• _WHAT YOU ARE ASKED TO DO_:
Print the listing below a second time, exactly, and omit its images.

• _SUPPLIED INFORMATION_:
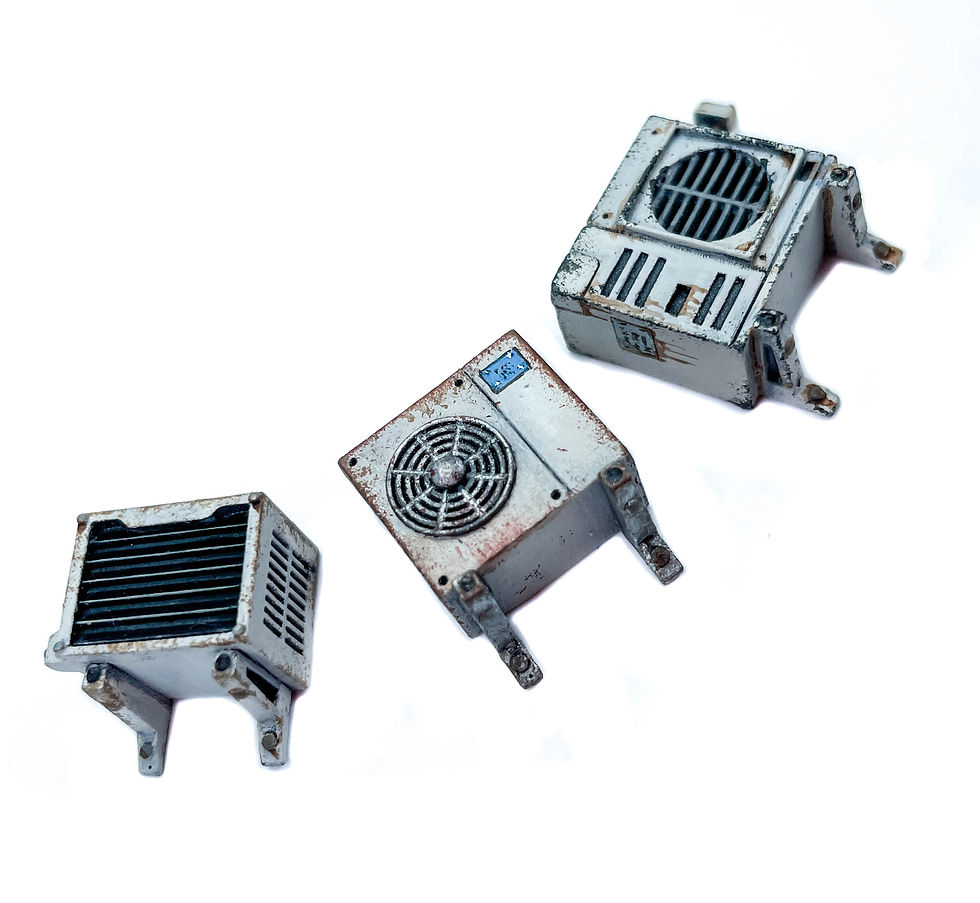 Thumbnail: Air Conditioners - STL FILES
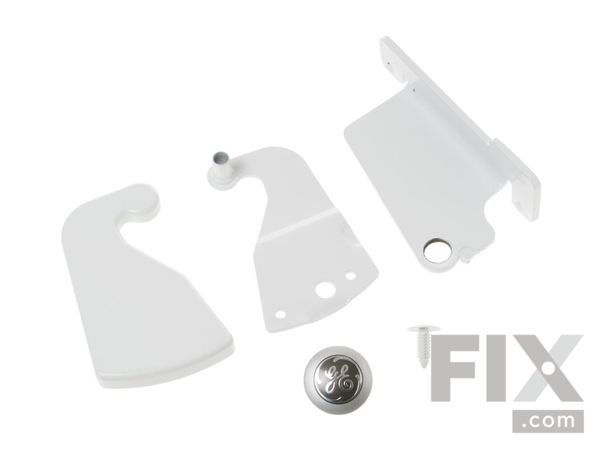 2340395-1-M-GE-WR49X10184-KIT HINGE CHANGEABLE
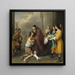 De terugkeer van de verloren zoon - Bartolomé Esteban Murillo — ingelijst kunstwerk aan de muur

• _RESULT_:
 Thumbnail: Air Conditioners - STL FILES
 2340395-1-M-GE-WR49X10184-KIT HINGE CHANGEABLE
 De terugkeer van de verloren zoon - Bartolomé Esteban Murillo — ingelijst kunstwerk aan de muur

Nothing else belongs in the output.